Chess is a language. Verbal, as opposed to spatial, capacity informs successful play, in combination with adept pattern recognition. My preference is toward a visceral style, combat on the field of reason and creativity.

My own beloved set is pictured below.

Let's play- E4!


----------



## drlivingston (Jun 21, 2012)

For many years, I have been enamored with chess. I no longer play competitively. But, as a child, it gave me an outlet for my frustrations and provided necessary mental stimulation. I rarely play anymore. My feeble mind has forgotten most of the strategy that was drilled into me as a kid. I still have fond memories that fill my head every time that I hear Murray Head's "One Night in Bangkok".


----------



## Shaver (May 2, 2012)

I am delighted, but unsurprised, that one of my favourite members is an afficionado. 

My oft used opener is a b4, I suspect that you may have been able to guess that?


----------



## drlivingston (Jun 21, 2012)

I would always start with boring moves and then transfer into a more cerebral game. If playing from the white side, I would typically open with a Queen's Gambit. If playing from black, I would start with a subvariant of the King's Indian Defense. Either would give me ample opportunity to improvise as necessary without sacrificing my core strategy.


----------



## Duvel (Mar 16, 2014)

I too am an afficionado, although I have made no serious attempt to play since junior high. Like the doctor, I've forgotten the strategy. I also need to rediscovery the patience and thoughtfulness I used to bring to the game.

As I recall, C6 is a decent opening counter move to your E4 opening?


----------



## drlivingston (Jun 21, 2012)

Duvel said:


> As I recall, C6 is a decent opening counter move to your E4 opening?
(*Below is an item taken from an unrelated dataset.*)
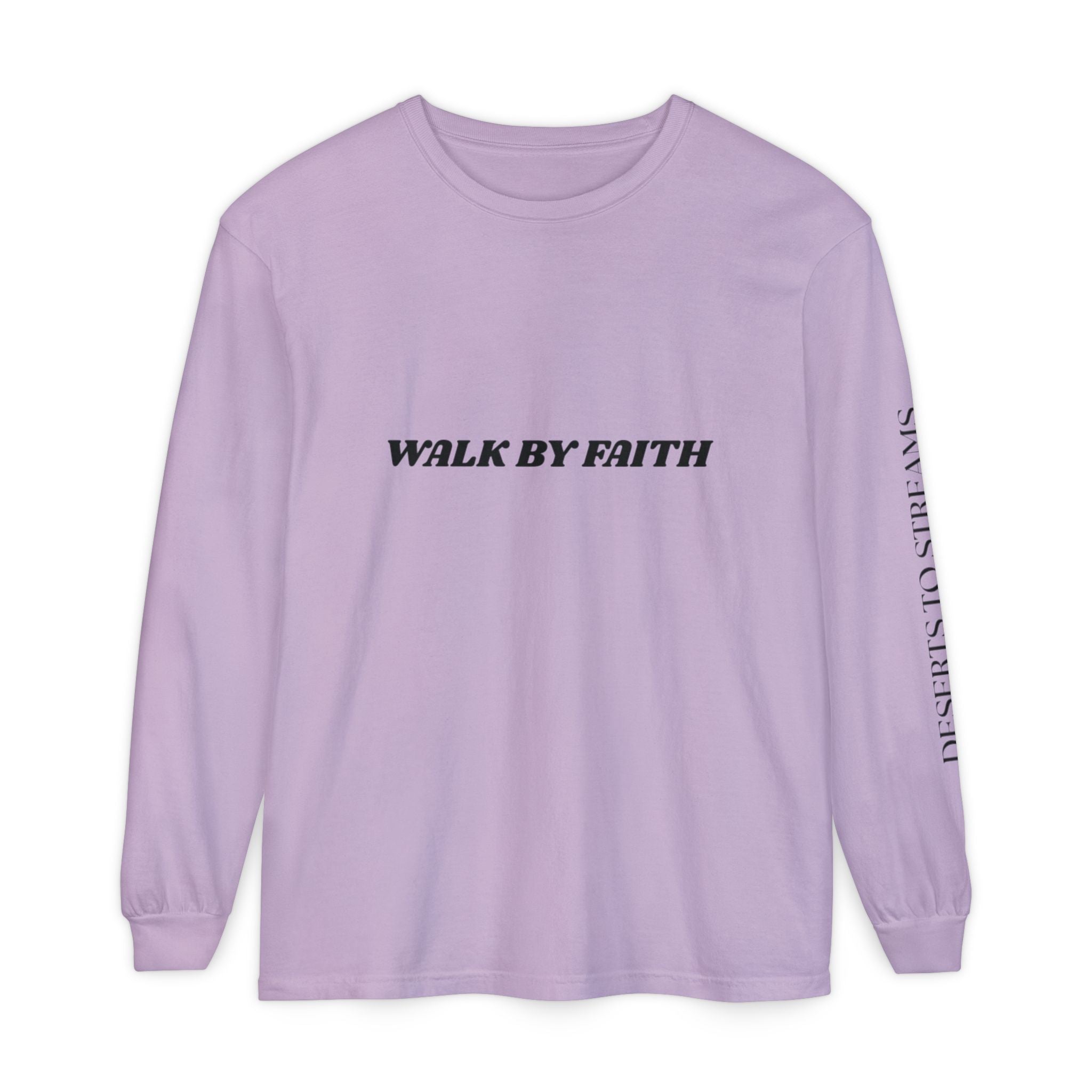Walk By Faith Long Sleeve T‑Shirt — Christian Scripture 'Walk by Faith, Not By Sight' Tee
c6 countering e4... Solid move. So you are a fan of the Caro-Kann defense? It is supposed to favor a black end game. Unfortunately, I never kept my pawn structure intact enough for it to have been effective. Typically, I would end up losing when I used this defense. However, employed correctly, I saw many tournament players use this for decisive victories.
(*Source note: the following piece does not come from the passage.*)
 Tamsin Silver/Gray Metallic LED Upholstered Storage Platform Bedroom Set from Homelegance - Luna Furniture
I will post a pic of my personal board this afternoon. Nothing fancy...


----------



## Duvel (Mar 16, 2014)

I don't think I remember ever winning a game. Maybe that's why I gave it up. Yes, pawns would fall left and right, the knights would falter, the rooks would topple. The buddy teaching me was too good, and i think I got discouraged. I think it was good to pick it up at a young age, but I also wonder if maybe I should have played with other players, other beginners. If so, I might still be at it today. I think my buddy got a kick out of kicking my ass routinely.



drlivingston said:


> c6 countering e4... Solid move. So you are a fan of the Caro-Kann defense? It is supposed to favor a black end game. Unfortunately, I never kept my pawn structure intact enough for it to have been effective. Typically, I would end up losing when I used this defense. However, employed correctly, I saw many tournament players use this for decisive victories.
> 
> I will post a pic of my personal board this afternoon. Nothing fancy...


----------